_WORK REQUIRED_: Pictures are to be left out. Return exactly the lines below from the one with "Kapolsek Concong Pimpin" up to and including the one with "Used 2022 Toyota".

#### SUPPLIED RECORDS

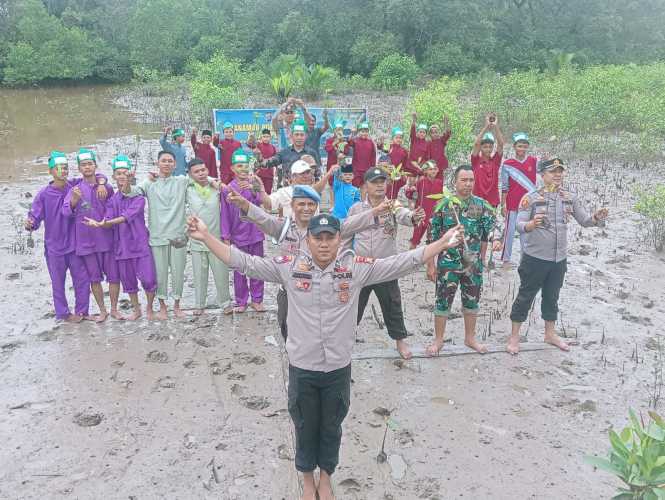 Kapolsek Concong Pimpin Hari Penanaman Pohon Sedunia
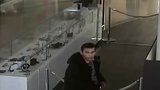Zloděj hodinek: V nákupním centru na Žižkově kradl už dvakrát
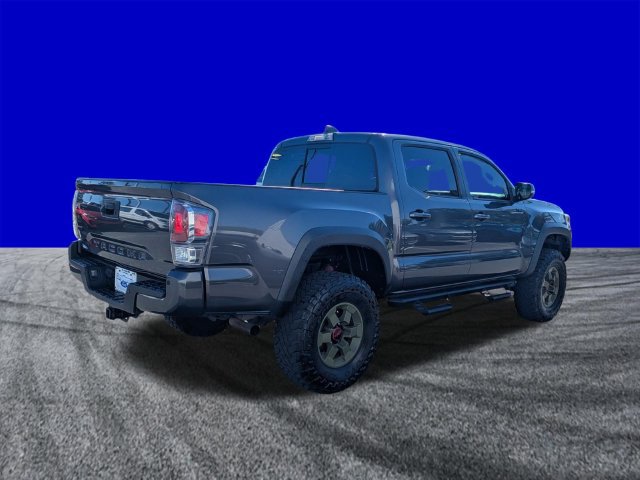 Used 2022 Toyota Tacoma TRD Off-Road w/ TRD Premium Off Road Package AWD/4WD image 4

########
#### SUPPLIED RECORDS

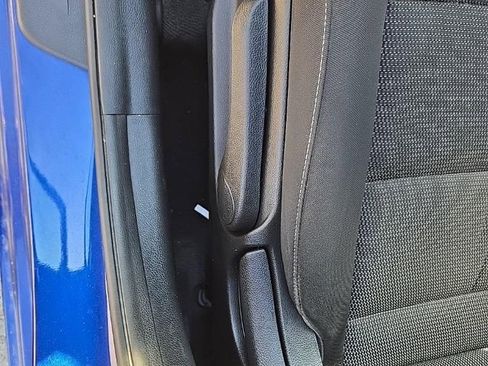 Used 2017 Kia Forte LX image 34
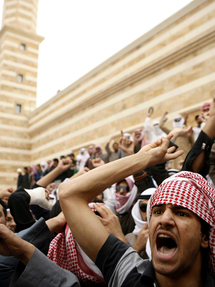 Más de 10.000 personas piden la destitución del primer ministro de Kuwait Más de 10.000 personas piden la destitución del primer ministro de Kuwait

########
#### SUPPLIED RECORDS

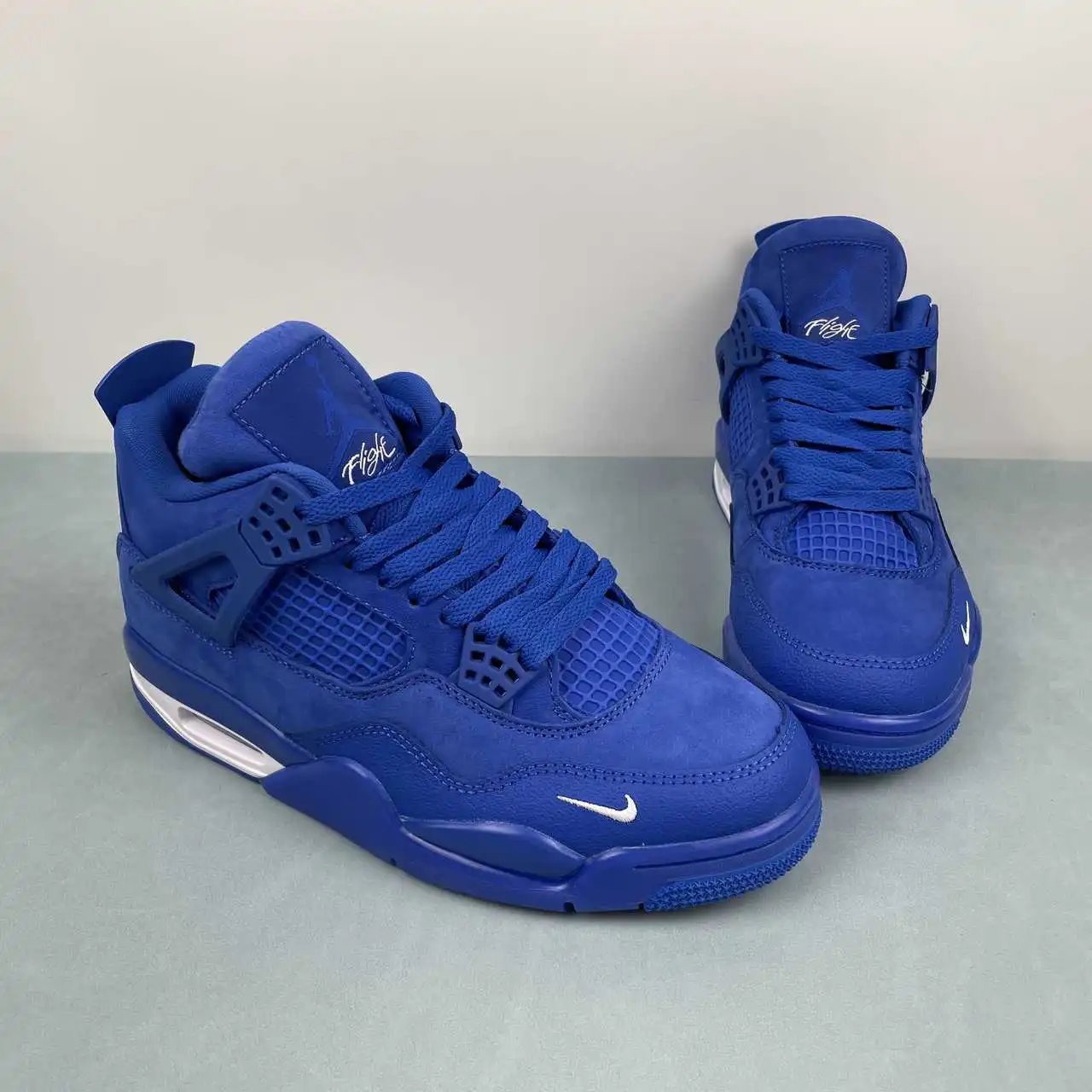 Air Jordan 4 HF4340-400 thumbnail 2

########

_RESPONSE FOR THIS EXERCISE_:
 Kapolsek Concong Pimpin Hari Penanaman Pohon Sedunia
Zloděj hodinek: V nákupním centru na Žižkově kradl už dvakrát
 Used 2022 Toyota Tacoma TRD Off-Road w/ TRD Premium Off Road Package AWD/4WD image 4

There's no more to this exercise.